Introducing Chat Analytics - Analyze chat & support conversations in Thematic
It’s been a couple of months since our last product announcement. We are itching to share a big new release, and share with you some of the other cool product updates that are now live.
Introducing Chat Analytics
Chat Analytics is now available for Thematic customers!
With this new release, you can anonymize and aggregate chat conversations and support tickets automatically. Uncover, track and act on themes and sentiment across all product and customer experiences.
Thematic uses its powerful thematic analysis engine on conversational data such as bot or live-agent dialogues, in addition to more traditional support feedback like customer support tickets, allowing you to automatically detect and understand themes and sentiment within the conversations between your customers and employees.
Soon, we’ll also be releasing our intent detection - read on further below to learn more about this.
Why Chat Analytics?
Chat analytics makes it easy to identify the main reasons your customers are looking for support. This helps you get to the root cause of bad experiences.
You can quickly uncover the requests that agents take the most time to resolve and improve the bottlenecks in your support center.
From service recovery to upsell opportunities, you’ll automatically know which customers to target, which features to include in the roadmap, which bugs to fix and what to upsell.
Product managers and Customer Experience teams have only recently discovered the wealth of insights hidden in support chats. Automatically analyzing this unstructured data gives teams precise and instant direction to prioritize product roadmaps, reduce customer churn and pick up emerging issues that affect customers.
But analyzing this data at scale is tricky!
Chats are significantly more complex than survey feedback. Instead of a neatly packaged response with a score assigned, chats contain a lot of back and forth, where useful insights are buried in other data and need special processes to be discovered.
We are proud to be pioneering in this space!
Here’s how Chat Analytics works in detail
Using our new Zendesk & Intercom integrations, you can pull all of your support chat and tickets into Thematic for analysis. Of course, we can also connect support feedback from your other platforms, as well as social media, online reviews and other unstructured data. To get deeper insights from your conversational data, you can integrate and analyze your structured data with Thematic too.
Thematic’s chat analytics cleans and anonymizes your data as it comes in - we remove personally identifiable information such as names and emails, so that they aren’t displayed or included in any analysis.

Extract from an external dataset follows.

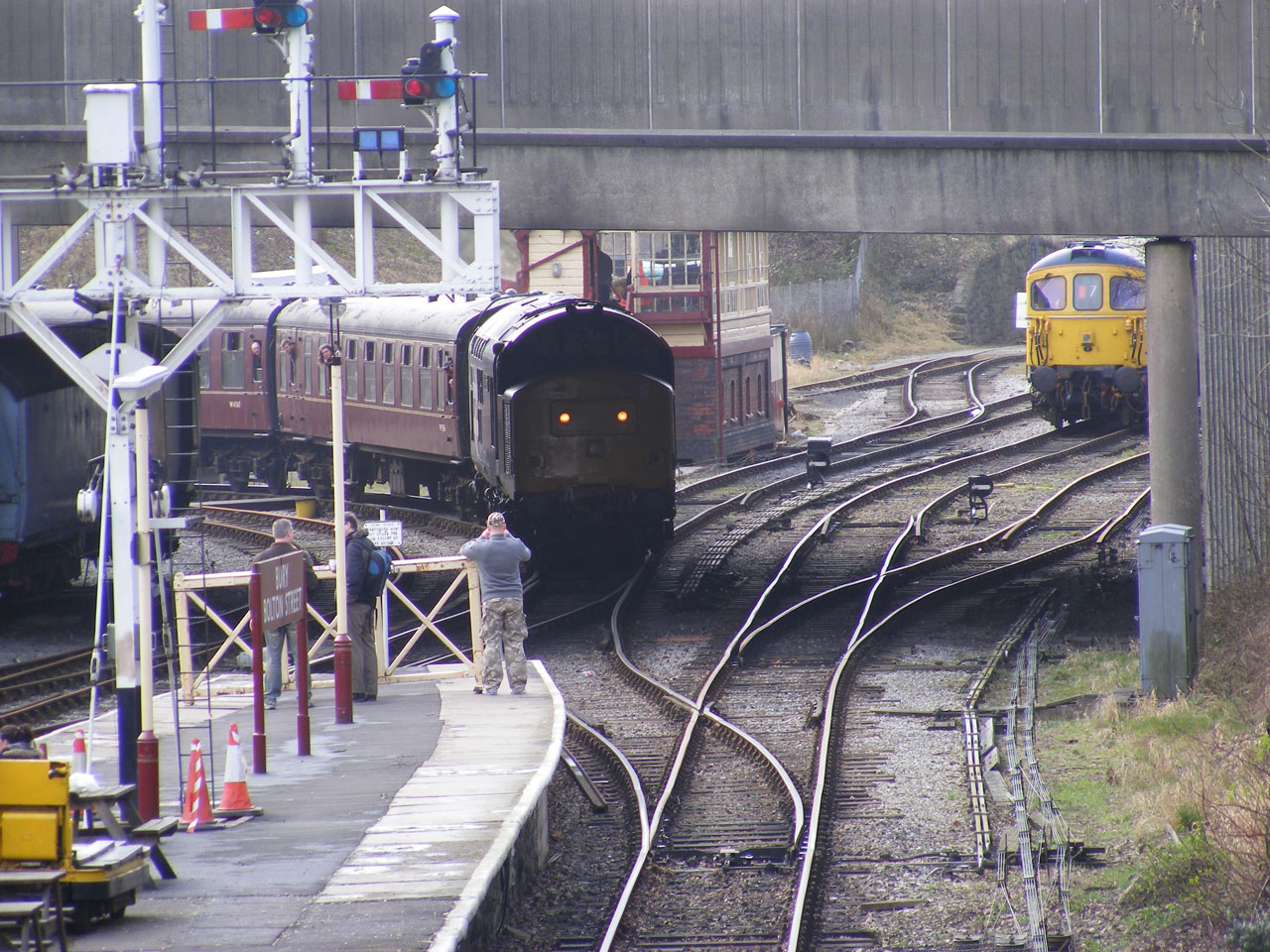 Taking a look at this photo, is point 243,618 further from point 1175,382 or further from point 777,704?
point 1175,382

This cleaning happens before the data is stored for maximum security and privacy.
We then detect and ignore pre-canned responses (“What issue are you contacting us about?”) and commonly reused text (“Have a nice day!”). And we can skip through bot and agent responses to help you focus on customer needs.
Thematic automatically tags and labels conversation data with themes (no training required!) sentiment, and keeps the analysis up to date as new support requests flow in. What this means is that as new data comes into Thematic, your theme structure is automatically updated, ensuring new and emerging themes are uncovered effortlessly.
Identify and share product or experience issues fast. Sending notifications to the product team for immediate triage and resolution is key! As with all our feedback analysis, Thematic identifies escalation of themes, whether they’re known or emerging. Customers are already setting up email alerts, and can share to Slack once this is live later this year.
To see how Thematic would work on your chat data, please reach out to Nick or Nicolas.. You can also get started with Thematic with a free demo and trial on your chat data.
Intent detection is coming soon to Chat Analytics
Our research has shown that a common goal for our customers is reducing support volume. Identifying the reason a support ticket was initiated in the first place is the key to this, so we are currently testing various methods of detecting intent in chat data.
Take this conversation for example...
Customer: “I’m having trouble logging in to my account.”
Agent: “OK, let’s run through a few troubleshooting steps. Do you try resetting your password?”
Customer: “Yes, but my password failed. I reset my password and I still can’t login.”
Agent: “What browser are you using?”
Customer: “I’m using Chrome. I tried restarting my browser and I’m still having problems.”
We would tag this conversation with multiple themes like
- Can’t login
- Reset password
- Browser problem
However, the intent theme would be “Can’t login”.
Although it’s easy to pinpoint the intent in this imaginary example, real world support conversations rarely lead with intent like this. Detecting it reliably, at scale, across a variety of support systems is a challenging problem that our R&D team is hard at work solving.
You can now save your filters as segments
When filtering your feedback, you can now save that filter permanently for easy access. We call this creating a segment. Previously you had to select filters each time you wanted to look at a specific segment of your data. Now you can save, for example, an “East Coast” segment, so you don’t have to manually select 5 cities each time you want to look at your East Coast audience segment.
You can create private segments only visible to yourself, and admins can create public segments visible to the entire workspace.
Other live changes
- You can now hover over your comments to get an immediate overview of the themes and sentiment detected in each sentence.
- Based on feedback from users, we have given the sentiment filter a more prominent place in the UI.